• **About this task**
A verbatim copy of the records is required, with all pictures left out.
-=-=-=-=-
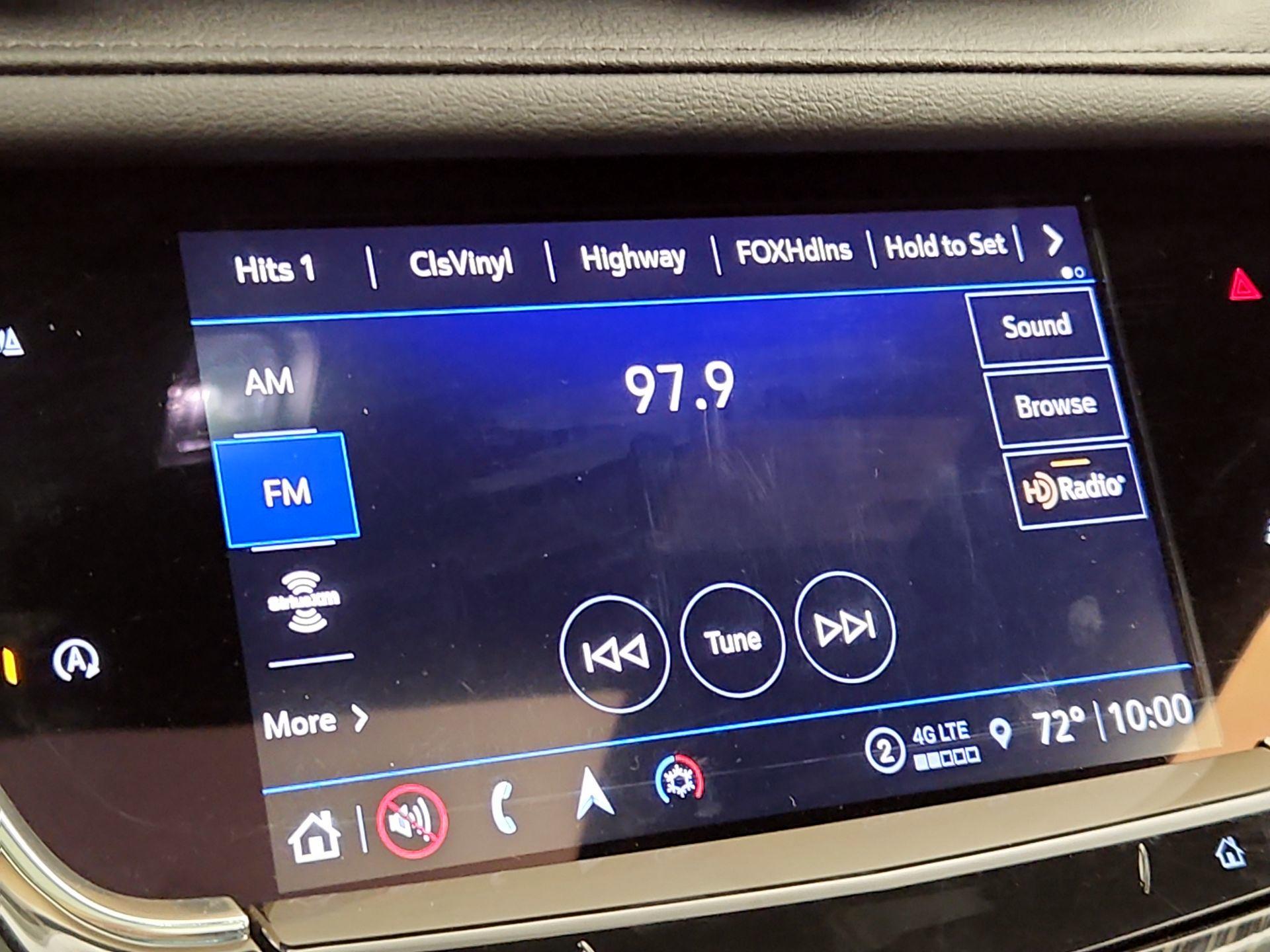 Thumbnail: 2023 Cadillac XT6 - 16
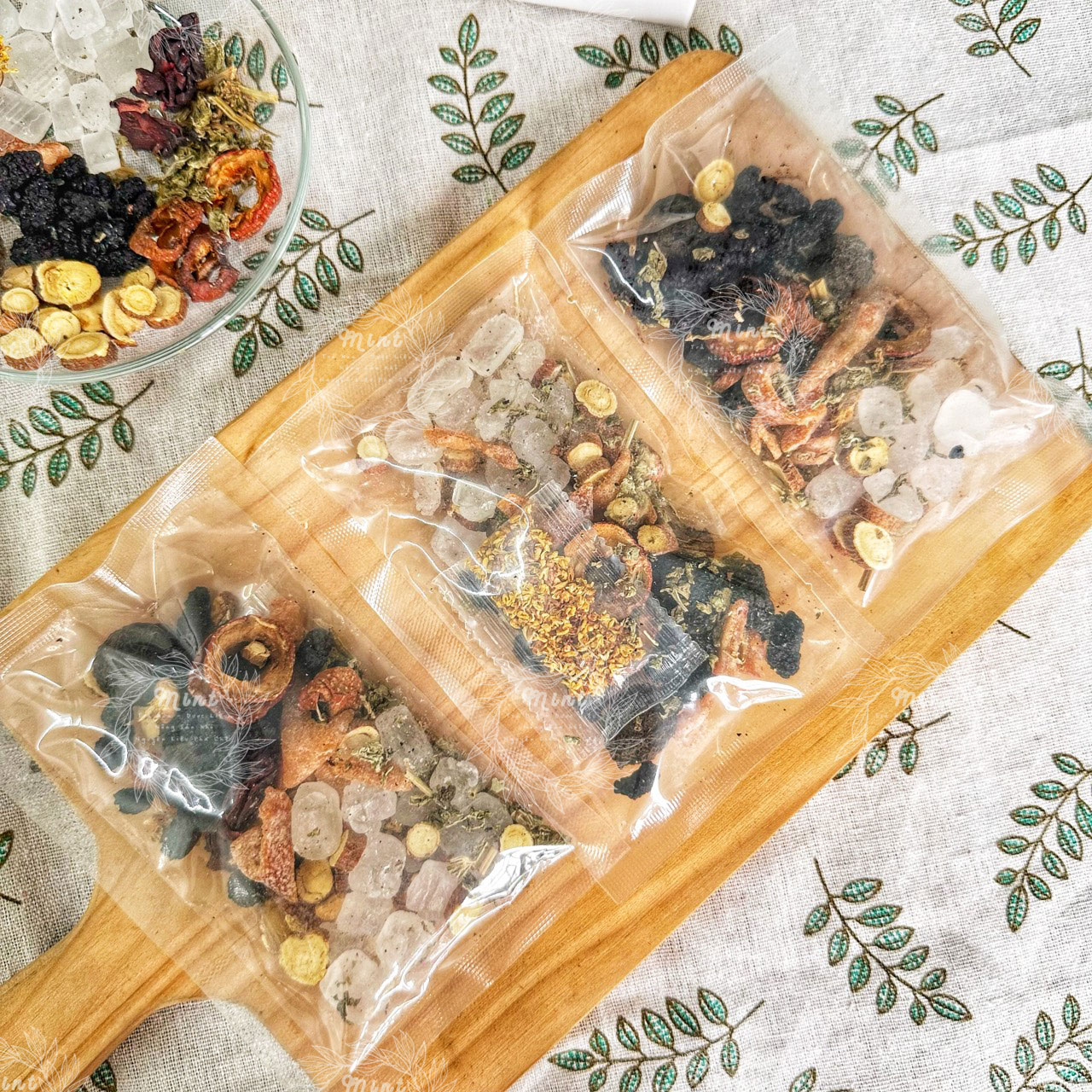 Trà Mơ Bát Bảo 8 Vị (Trà Bát Bảo Lường Xá) - Hộp 5 Set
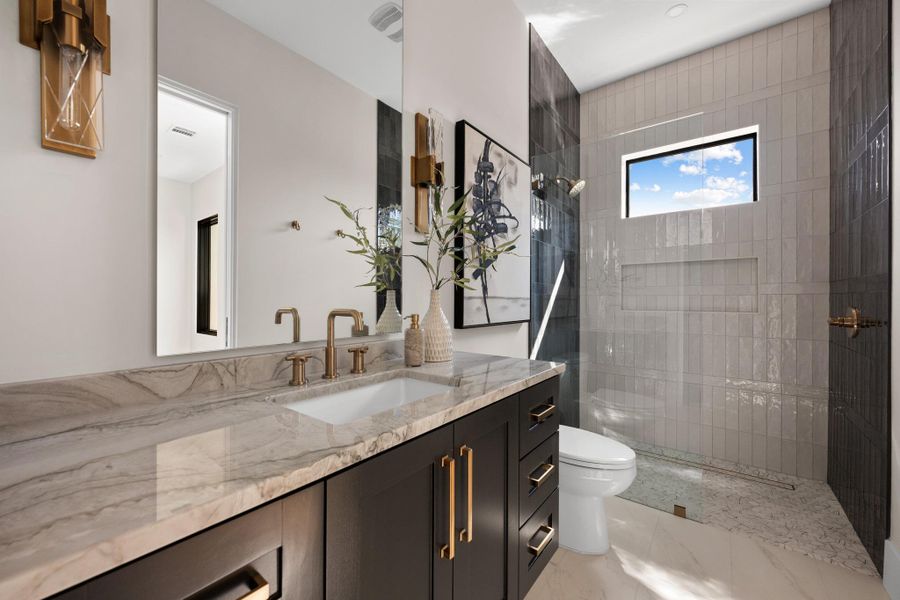 Ensuite guest bathroom on the main floor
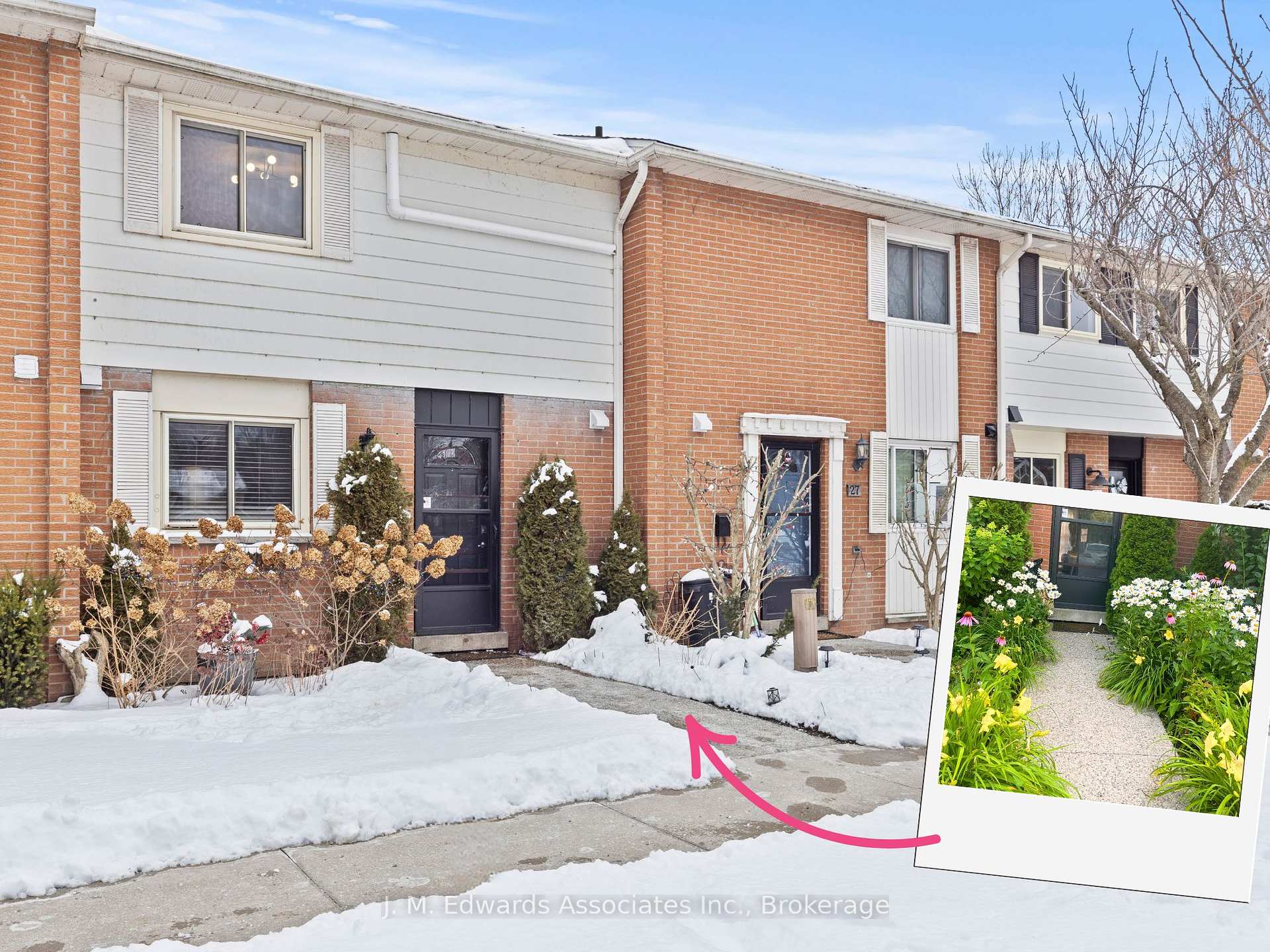 3 Bedrooms Condo at 61 Sarah,  Oakville For sale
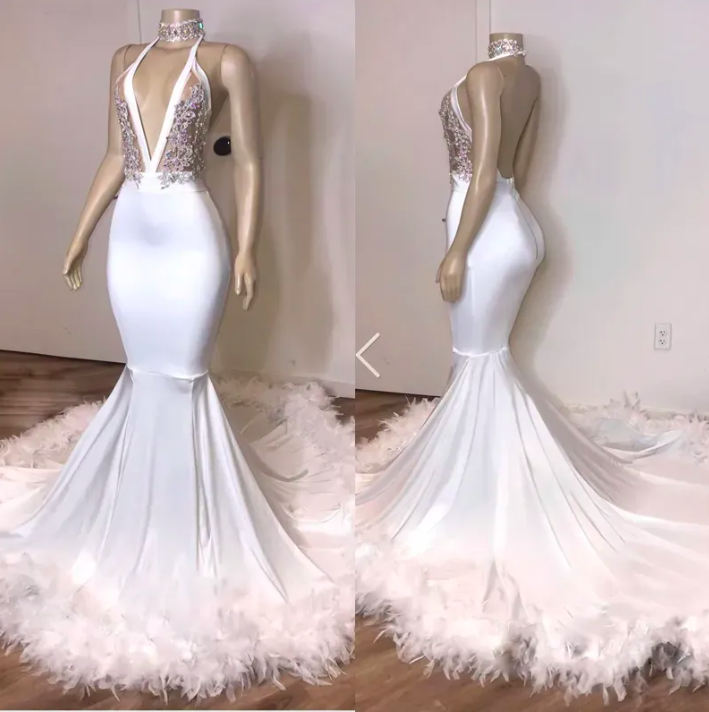 2023 White Mermaid Prom Dresses Mermaid Plung V Neck Custom Made Sexy Backless Feather Beaded Ruched Evening Party Gowns Vestidos Formal Occasion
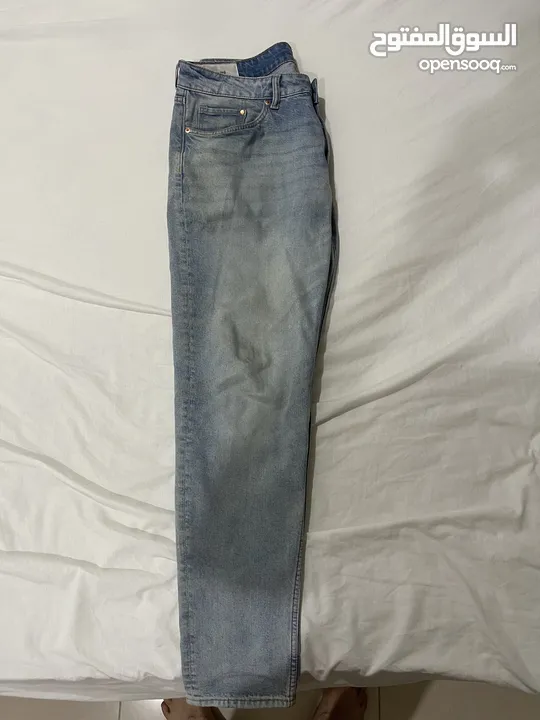 H&M Classic Jeans Tapered Regular Fit (33W)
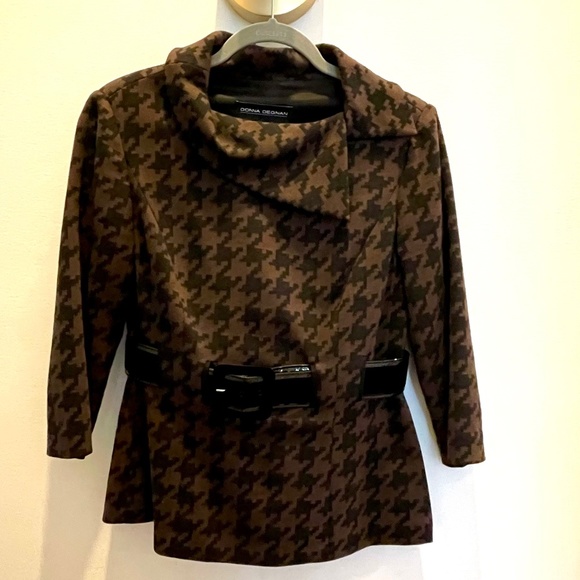 Stunning and sophisticated Donna Degman top - Picture 3 of 5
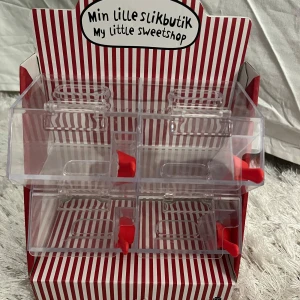 Godisbutik - Jättesöt ”godisbutik” att lägga godis i, vet inte om den går att köpa längre. Tvättas såklart innan den skickas💕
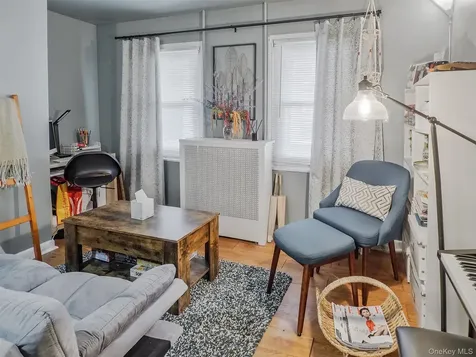 86 Harrison Street Staten Island NY 10304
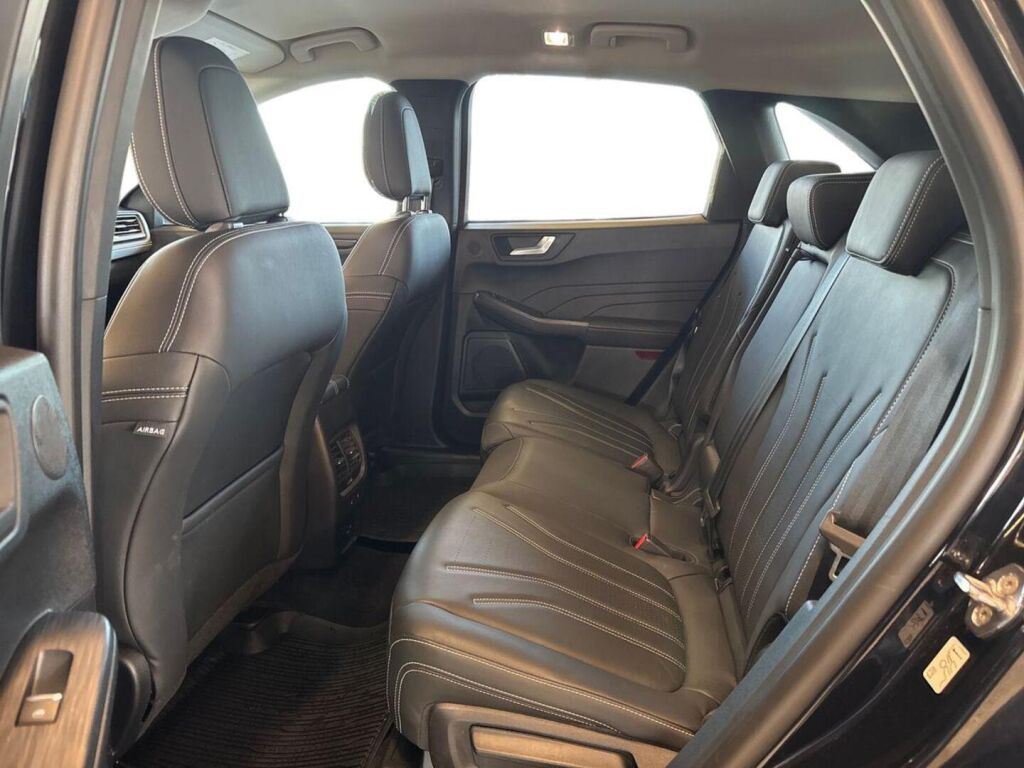 Ford Kuga 2022 Musta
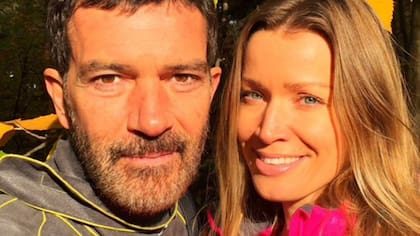 Selfie: Antonio Banderas y su nueva novia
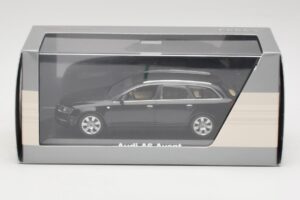 Audi A6 C6 Avant Phantom Nero Minichamps 1:43 5010406233 Pressofusione — immagine 4 di 4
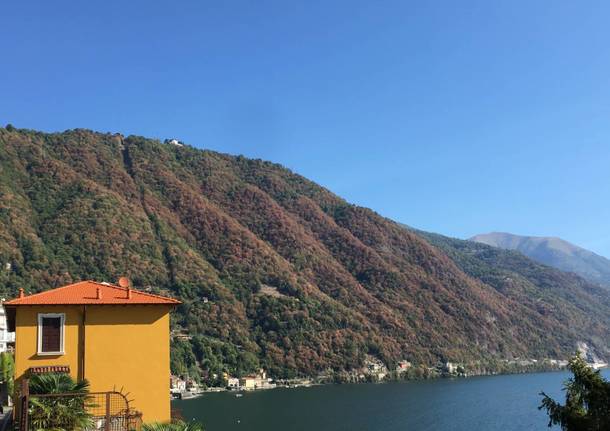 Il foliage anticipato sui monti del Comasco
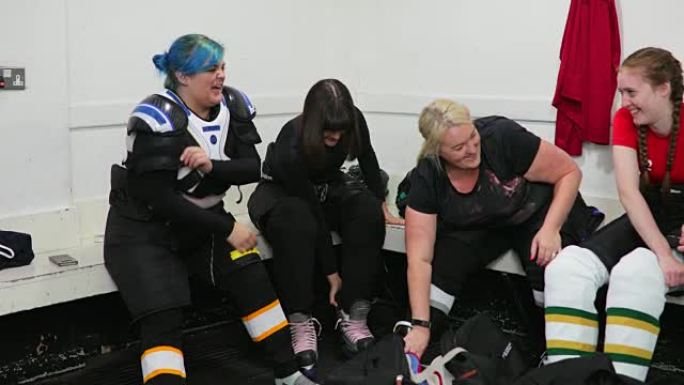 一群女子冰球运动员正在准备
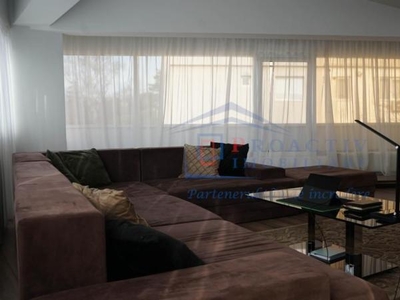 Penthouse, Bloc Nou, Zona Centrala 4C896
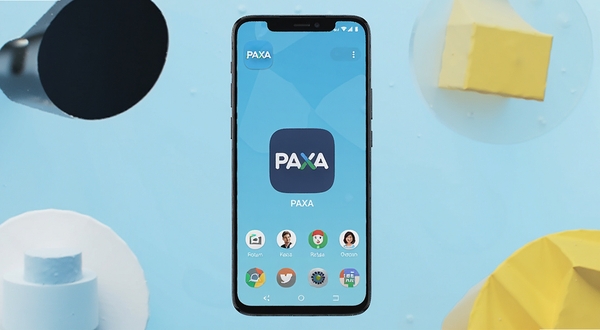 一张展示PAXA应用在安卓手机主界面上的清晰截图,手机屏幕居中,背景为浅蓝色渐变,周围环绕简约几何图形,突出PAXA图标和界面清爽感,适配Boogu模型生成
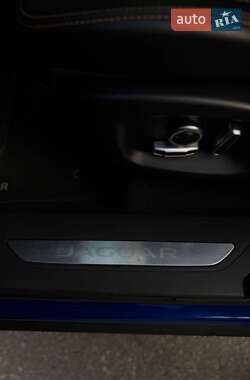 Внедорожник / Кроссовер Jaguar F-Pace 2018 в 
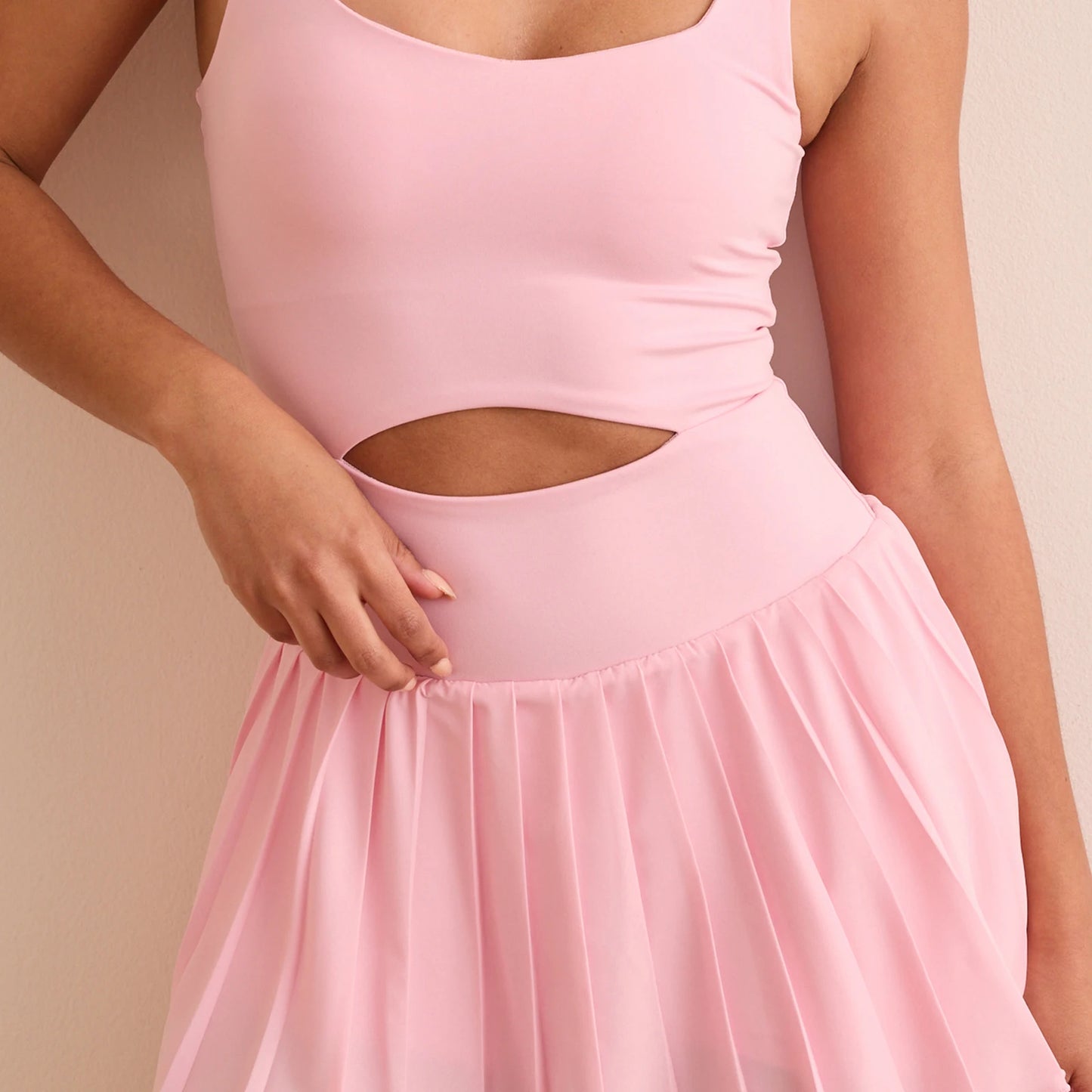 Women Athletic Dress Sports Yoga Running  Workout Dress Hollow Out Square Neck Sleeveless Pleated Tank Dress Tennis Golf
-=-=-=-=-
• **Output below**
 Thumbnail: 2023 Cadillac XT6 - 16
 Trà Mơ Bát Bảo 8 Vị (Trà Bát Bảo Lường Xá) - Hộp 5 Set
 Ensuite guest bathroom on the main floor
 3 Bedrooms Condo at 61 Sarah,  Oakville For sale
 2023 White Mermaid Prom Dresses Mermaid Plung V Neck Custom Made Sexy Backless Feather Beaded Ruched Evening Party Gowns Vestidos Formal Occasion
 H&M Classic Jeans Tapered Regular Fit (33W)
 Stunning and sophisticated Donna Degman top - Picture 3 of 5
 Godisbutik - Jättesöt ”godisbutik” att lägga godis i, vet inte om den går att köpa längre. Tvättas såklart innan den skickas💕
 86 Harrison Street Staten Island NY 10304
 Ford Kuga 2022 Musta
 Selfie: Antonio Banderas y su nueva novia
 Audi A6 C6 Avant Phantom Nero Minichamps 1:43 5010406233 Pressofusione — immagine 4 di 4
 Il foliage anticipato sui monti del Comasco
 一群女子冰球运动员正在准备
 Penthouse, Bloc Nou, Zona Centrala 4C896
 一张展示PAXA应用在安卓手机主界面上的清晰截图,手机屏幕居中,背景为浅蓝色渐变,周围环绕简约几何图形,突出PAXA图标和界面清爽感,适配Boogu模型生成
 Внедорожник / Кроссовер Jaguar F-Pace 2018 в 
 Women Athletic Dress Sports Yoga Running  Workout Dress Hollow Out Square Neck Sleeveless Pleated Tank Dress Tennis Golf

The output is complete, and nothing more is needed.